TO DO: In the records below, find the line holding "LEECG for iPhone"; copy it and every line after it to the end, omitting all images.

EXERCISE MATERIALS:
┄┄┄┄┄┄
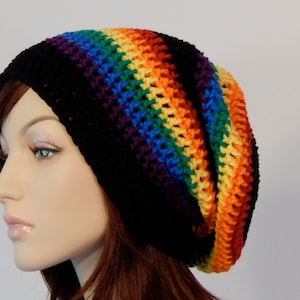 Teen Adult Rainbow Black Slouch Hat, Slouchy Beanie, Mens Hat, Womens Hat, Ladies Hat, Slouch Beanie, Summer Hat, Boho, Rainbow Beanie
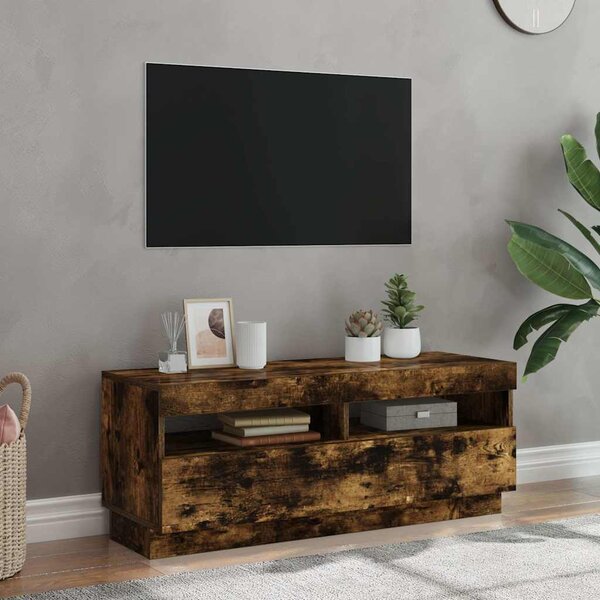 VidaXL TV skříňka s LED 100 x 35 x 40 cm kompozitní dřevo [862565] Barva: bílá s vysokým leskem
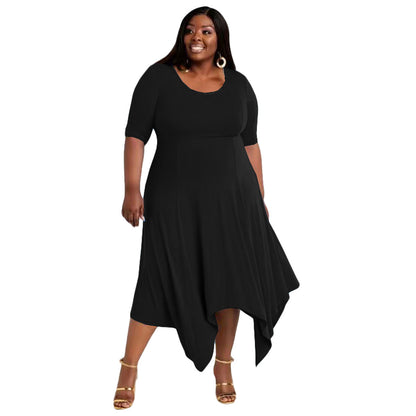 👗 Robe irrégulière grande taille – Style européen & américain chic | XL-Charmes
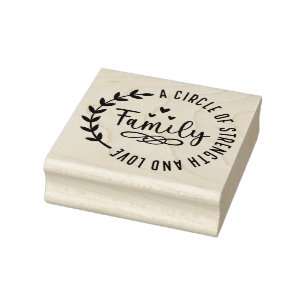 Familienkreis Stärke und Liebe Typografie Gummistempel
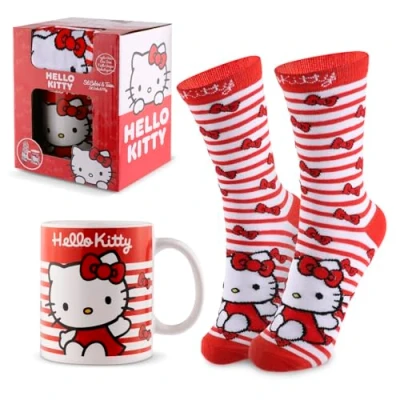 Imagen de Juego de tazas Hello Kitty: calcetines y taza cerámica para mujeres adolescentes, 350 ml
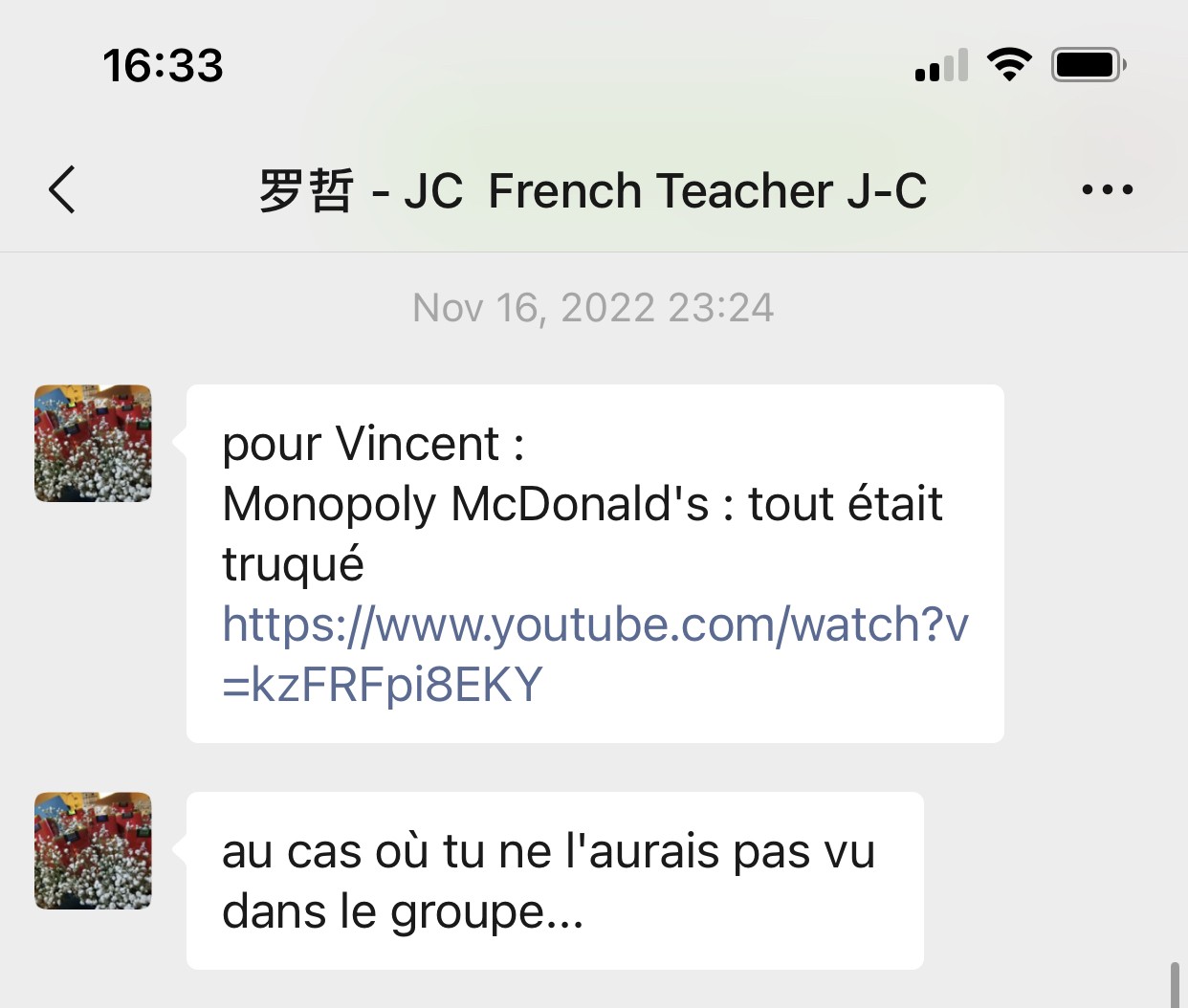 Messaggio di Jean-Christophe Voyer, 16 novembre 2022
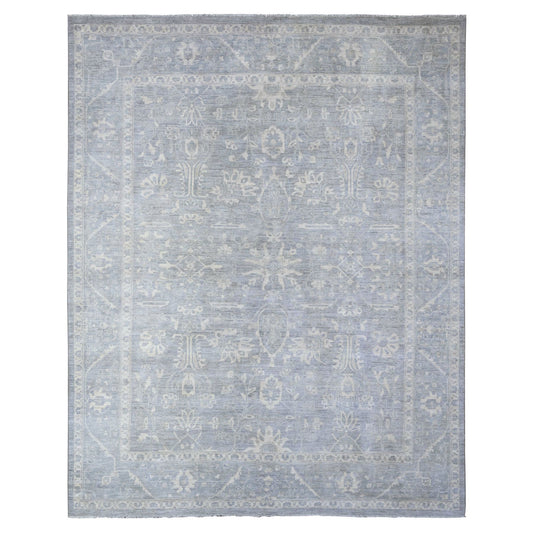 Oushak And Peshawar Wool Hand Knotted Rug Grey Gray 9.4X11.5 -O088282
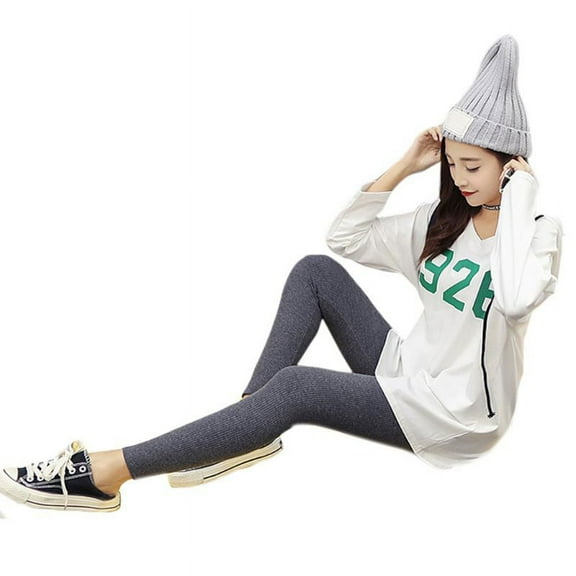 Womens Autumn Winter Ribbed Knit Striped Leggings Solid Color Warm Lining Opaque Elastic Slim Tights Skinny Pants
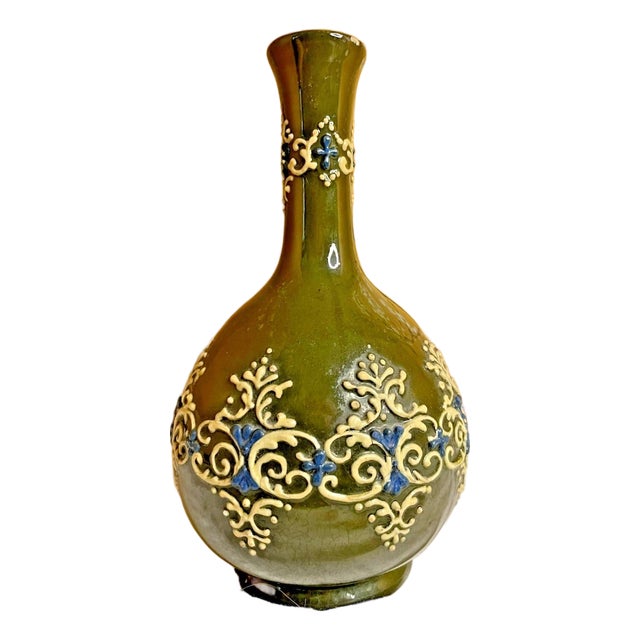 Antique Turn-of-the-Century Weller Pottery "Turada" Art Nouveau Slip-Trail Onion Vase, Unmarked *As Is* For Sale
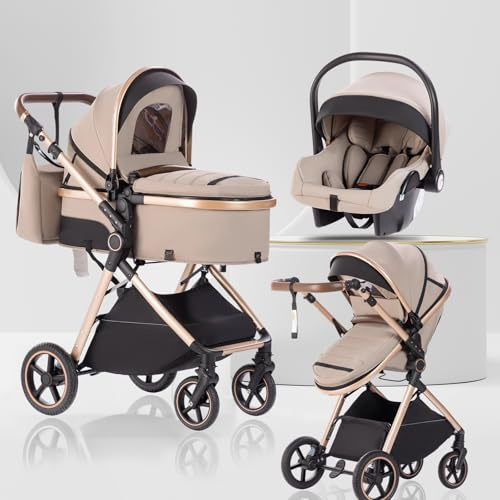 Lnhcrbs Baby Stroller 3 in 1,Stroller System Handle is Adjustable-Khaki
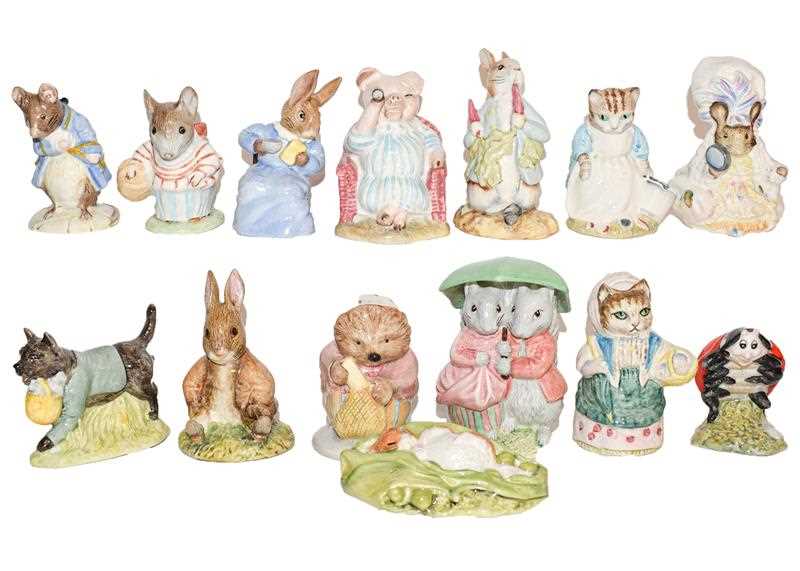 Lot 152 - Fourteen Beatrix Potter figures, boxed,...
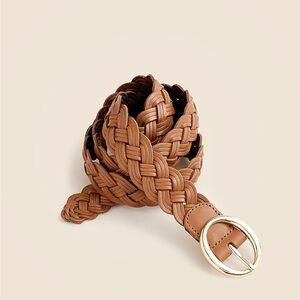 J. Crew Braided Italian leather Brown Belt with Gold Buckle CG072 $90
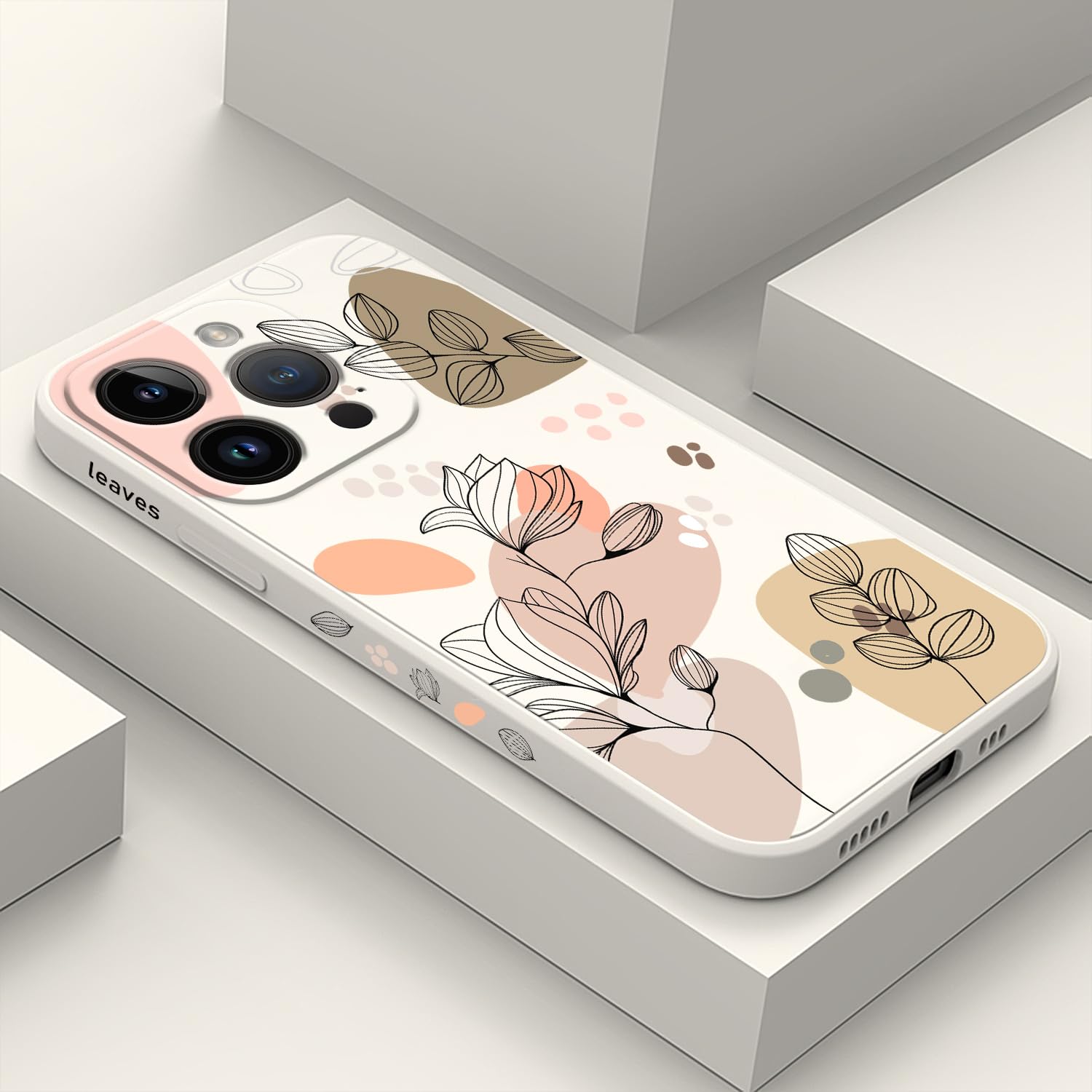 LEECG for iPhone 15 Pro Case, Side Flowers Pattern Design Slim Soft Protector Phone Cover for iPhone 15 Pro, Morandi Rice White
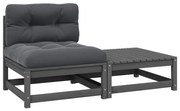 vidaXL 2 pcs conj. lounge de jardim c/ almofadões pinho maciço cinza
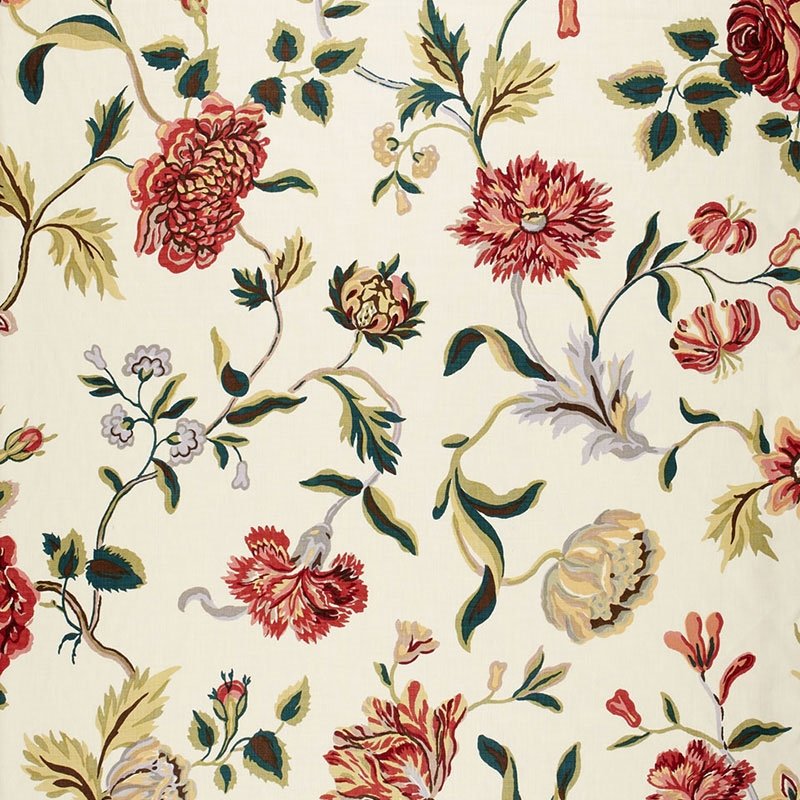 Looking 174520 Avebury Floral Vine Document Rose by Schumacher Fabric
┄┄┄┄┄┄
EXERCISE ANSWER:
 LEECG for iPhone 15 Pro Case, Side Flowers Pattern Design Slim Soft Protector Phone Cover for iPhone 15 Pro, Morandi Rice White
 vidaXL 2 pcs conj. lounge de jardim c/ almofadões pinho maciço cinza
 Looking 174520 Avebury Floral Vine Document Rose by Schumacher Fabric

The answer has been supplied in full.